Australia’s big four banks are among the most profitable in the world, with returns on equity as high as 17 per cent and wholesale funding costs coming down. In failing to pass on the latest interest rate cut the banks have effectively neutered the stimulatory impact intended by the Reserve Bank and opted to increase short term profits at the expense of their customers and the stability of the Australian economy.

This is a dangerous strategy. Profiteering when operating under a government licence and a bank guarantee, fractures the trust and patience of the Australian people. World-beating returns on equity are only possible with this guarantee.  As former ANZ CEO John McFarlane said this week, “I’m ashamed of the reputation of our banks” – it’s the same view I reluctantly came to in the final three years of my Treasurership.

It’s true that strong stable banks are essential to strong stable prosperity – that’s the view I took when we guaranteed deposits and their wholesale funding during the Global Financial Crisis. As we emerged from the crisis in 2010 and 2011 the banks began to abuse their market power which had been enhanced through the crisis.

A package of reforms was put to the Parliament to enhance banking competition and strengthen smaller lenders. To prevent price collusion new price signalling legislation was passed and it may well be this very legislation that is tested in light of this week’s simultaneous decisions by the big four banks to not pass on the full interest rate cut.

Since this time there has been scandal after scandal within the big four, whether it’s the Bank Bill Swap Rate, CommInsure or financial planning.

The lesson of the Global Financial Crisis and the Great Recession was that global and national regulation has to deal with distorted incentives fuelling excessive risk taking and blatant profiteering.

Globally there is a vigorous debate about how we deal with untamed corporate, financial and monopoly power which is leading to a concentration of income and wealth with lower growth and lower living standards.

The behaviour of our big four threatens the same outcome in our domestic economy.

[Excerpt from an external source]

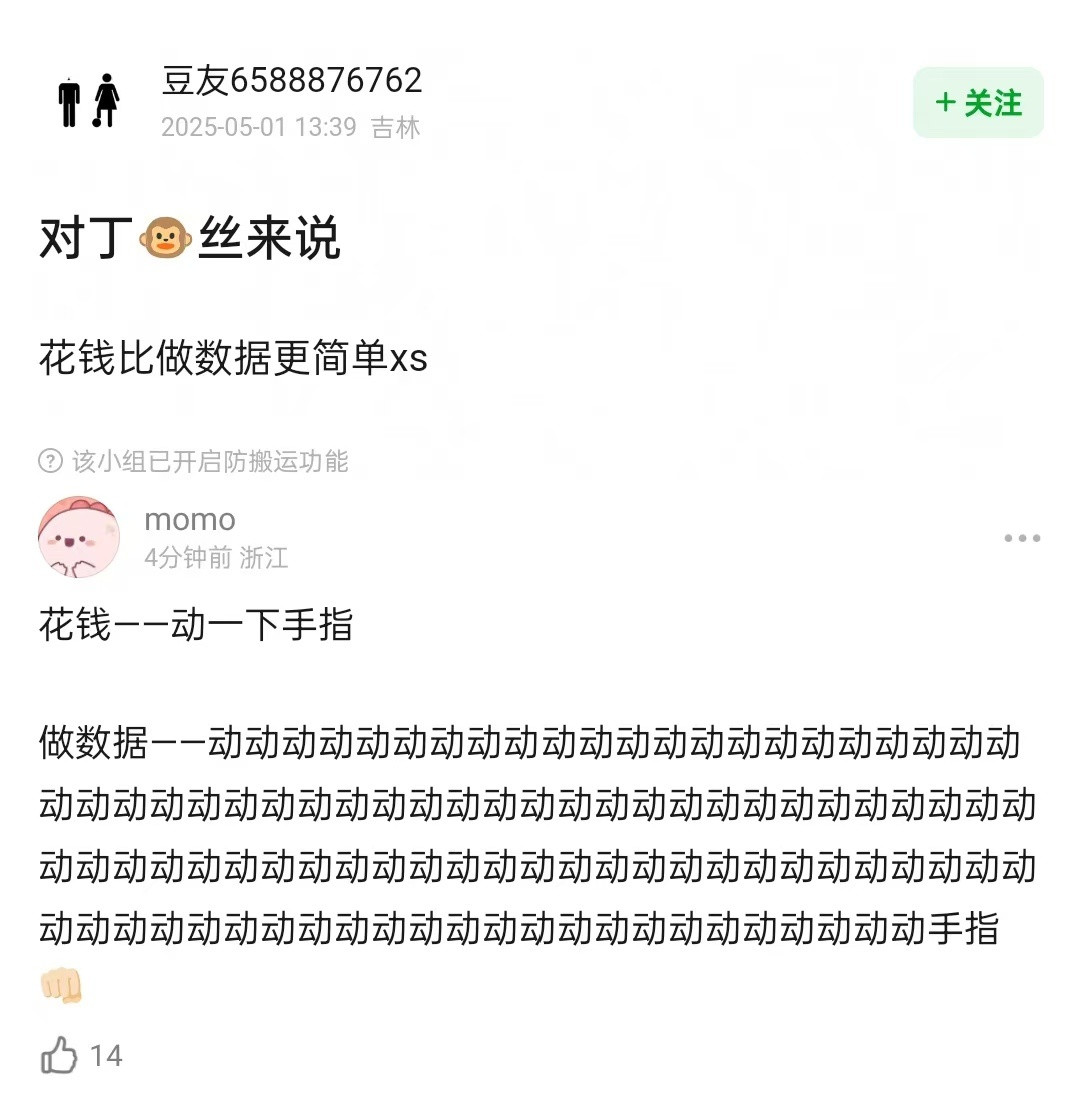 金棠们你们买我来动动动动动动动动动手指​​​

Their contempt for this important public debate has been on show all week, even bridling at the prospect of having to appear before a parliamentary inquiry.

The biggest challenge in the Australian economy is a substantial decline in business investment. If the decade of banking super profits are not enough to spur resurgence in business investment across our economy, what will?

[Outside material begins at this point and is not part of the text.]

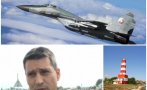 МО потвърди: Катастрофиралият пилот е майор Валентин Терзиев! Всички военни сили са мобилизирани за издирването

Surely we can look to corporate leaders to be responsible and to invest in the long term for their businesses and their country. Unfortunately, just as we saw in the evidence presented to the senate committee on tax evasion, our corporate leadership has been tested and found wanting in its tolerance and passive endorsement of rampant tax evasion.

Many boards approved billions of dollars walking out of the Australian Treasury leaving the Federal Budget high and dry.

This week, in the financial sector we’ve seen a similar failure of moral leadership by the big four banks. How on earth do they expect to be taken seriously when they are clearly driven by short-term motivation rather than the needs of the real economy? In effect they are dedicated to a financial system that serves them, not our economy.

The culture of the big four is one of short-termism and profiteering rather than long-term sustainable growth for the company and the country.

Last year, the New York Federal Reserve hosted a seminar on reforming culture and behaviour in the financial services industry. The NY Federal Reserve’s President, William Dudley, opened the seminar by saying, “reciprocity – in other words, the expectation of quid pro quo in the relationship between society and the financial services industry – is the basis of public trust in financial institutions”.

So far this week there is no sense from the financial sector that they should do anything other than business as usual and thumb their nose at their customers, the regulators and the Parliament. 

Their continued missteps and price gouging over the last decade are cultural and behavioural. To me, pigs may well fly before they will ever acknowledge that they have a responsibility to the people of this country that provides the social and economic licence they need to operate. That’s why a royal commission is needed, and urgently.